Three Questions that Invent the Future and Defeat Stagnation

The future is invented by what you do today, not by what you plan to do tomorrow.

Three questions that invent the future:

#1. What do you need to stop?

If your life is full and you’re not flourishing, you’re filling life with things that don’t matter to you.

A busy life is not necessarily a full life.
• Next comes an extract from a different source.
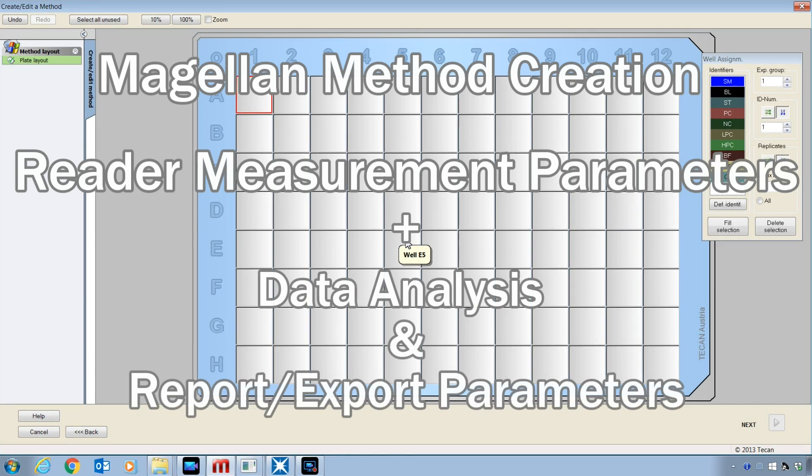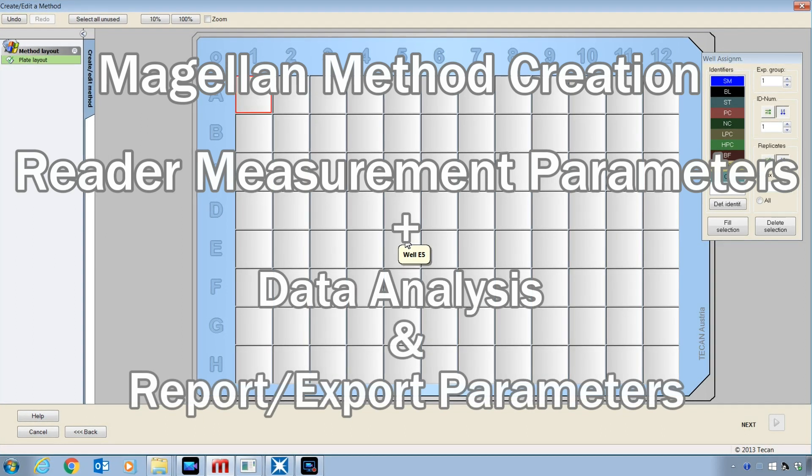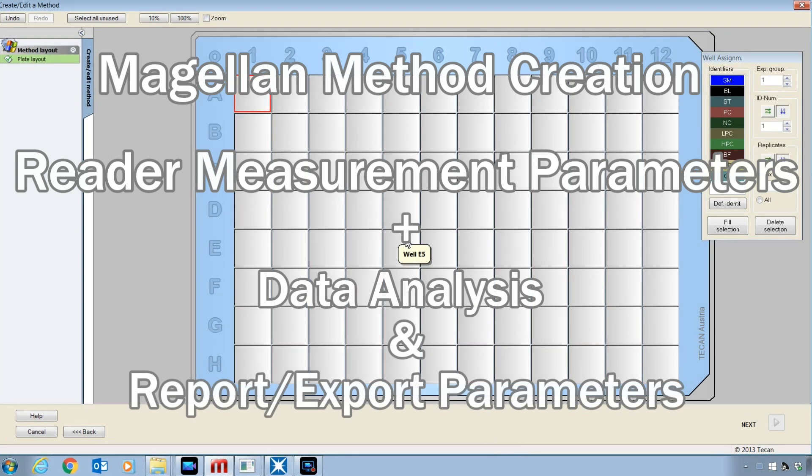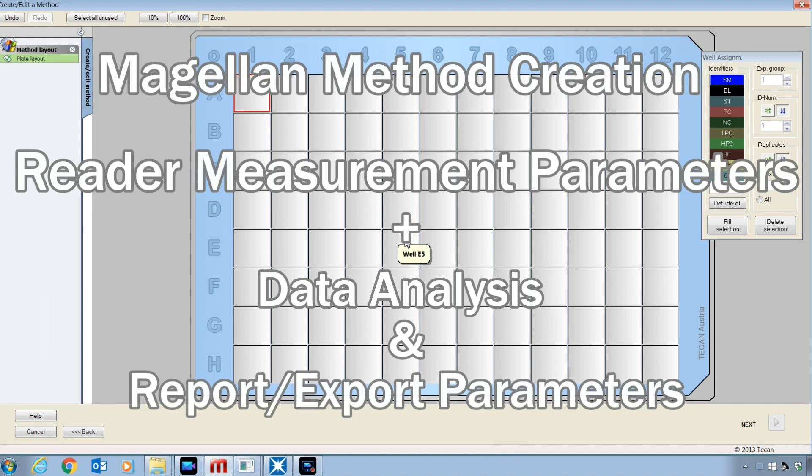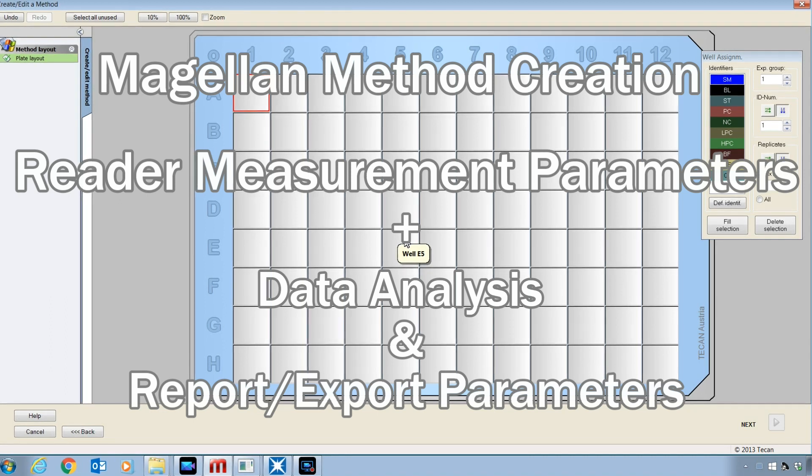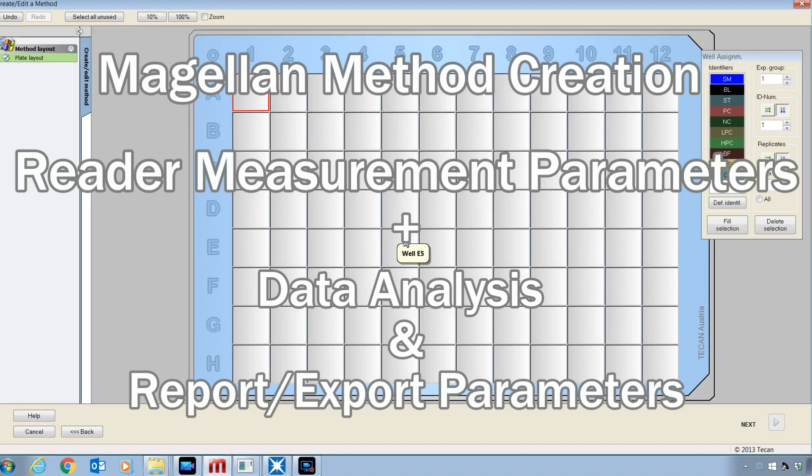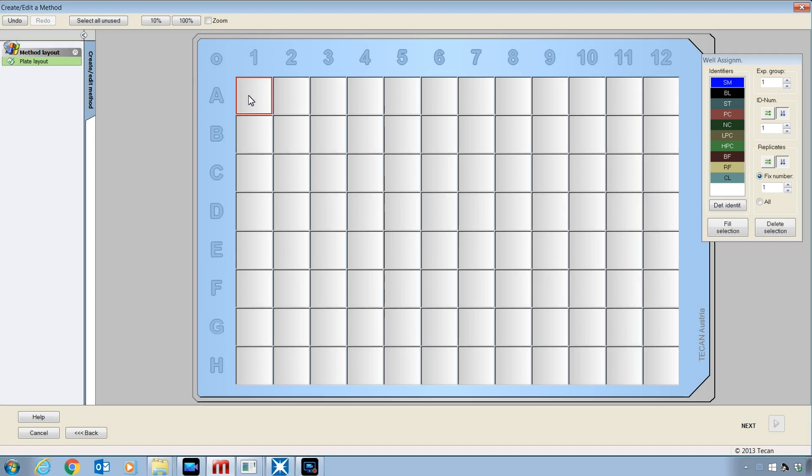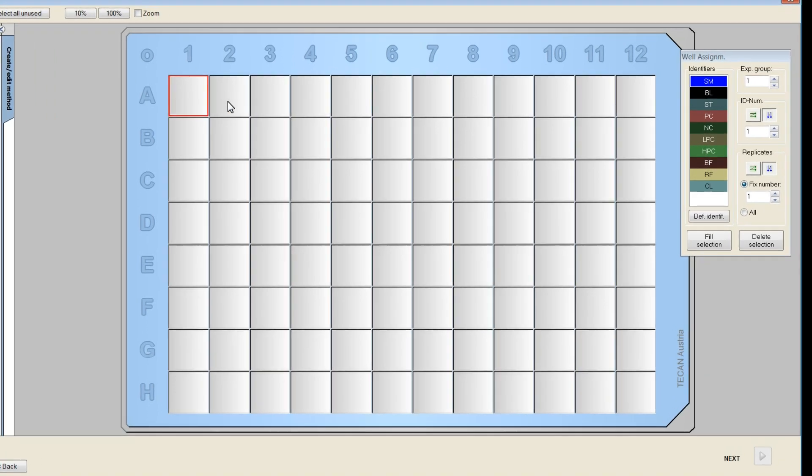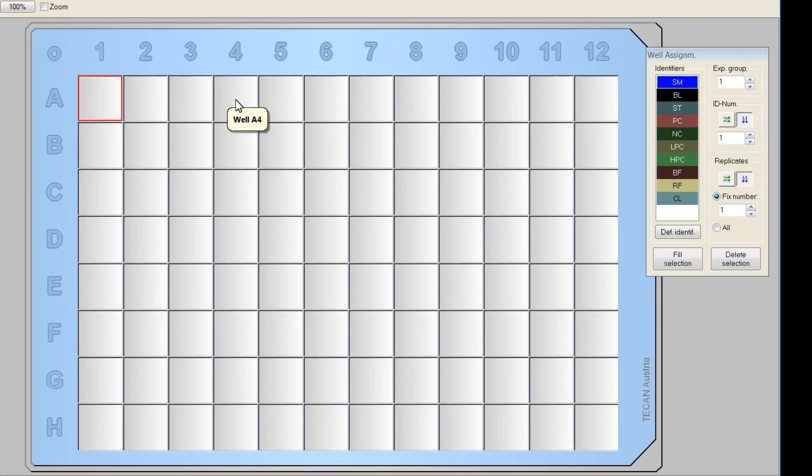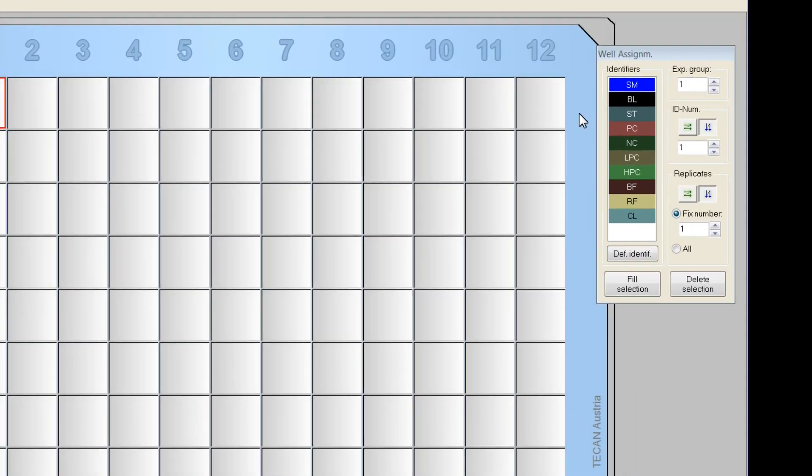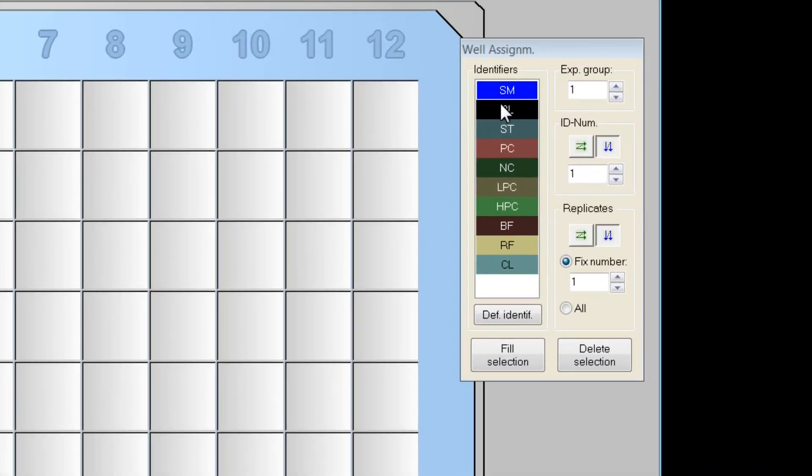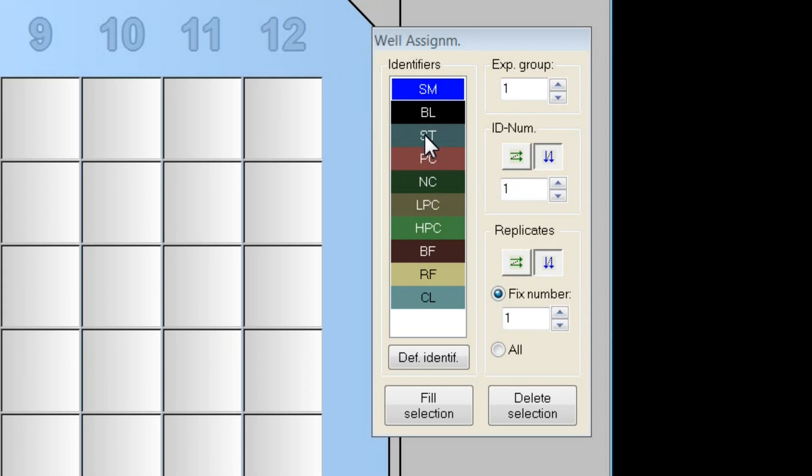We are now entering part two of the method creation process. This is where we will develop the data analysis and reporting part of our method. The first step is to design a plate layout using identifiers to describe the nature of the samples in each well. Magellan provides some default identifiers already, and you may create new ones if necessary. For now, I will keep things simple and use the defaults.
Frantic busyness might be fear and boredom in disguise. Perhaps the busiest people among us are escaping life, not inventing the future.

Four tips…

  1. Clarify what matters to you. Imagine a year has passed. Your hands are raised in victory. People around you are cheering.
    • Who is cheering?
    • What are they saying to you?
  2. Stop doing things that matter less so you can focus on things that matter more.
  3. Get someone else to do things that matter less to you. Someone enjoys doing things that drain you.
  4. Improve your skills so it takes less time to do what you’re currently doing.

#2. What opportunity might you seize?

Move away from, “What’s wrong and how can I fix it?”

The temptation to focus on what’s wrong leads to darkness. Yes, some problems need attention, but they aren’t worthy of relentless focus.

Seizing opportunity transforms life.

Problem-fixers are back-ward facing. Fixing problems focuses on something that began in the past.

Fixing problems is safer than seizing opportunities.

Opportunity-seizing is forward-facing.

#3. What’s important to you about current opportunity?

Connect action with purpose to fuel energy and build stamina.

“Start with Why.” Simon Sinek

How might leaders invent the future?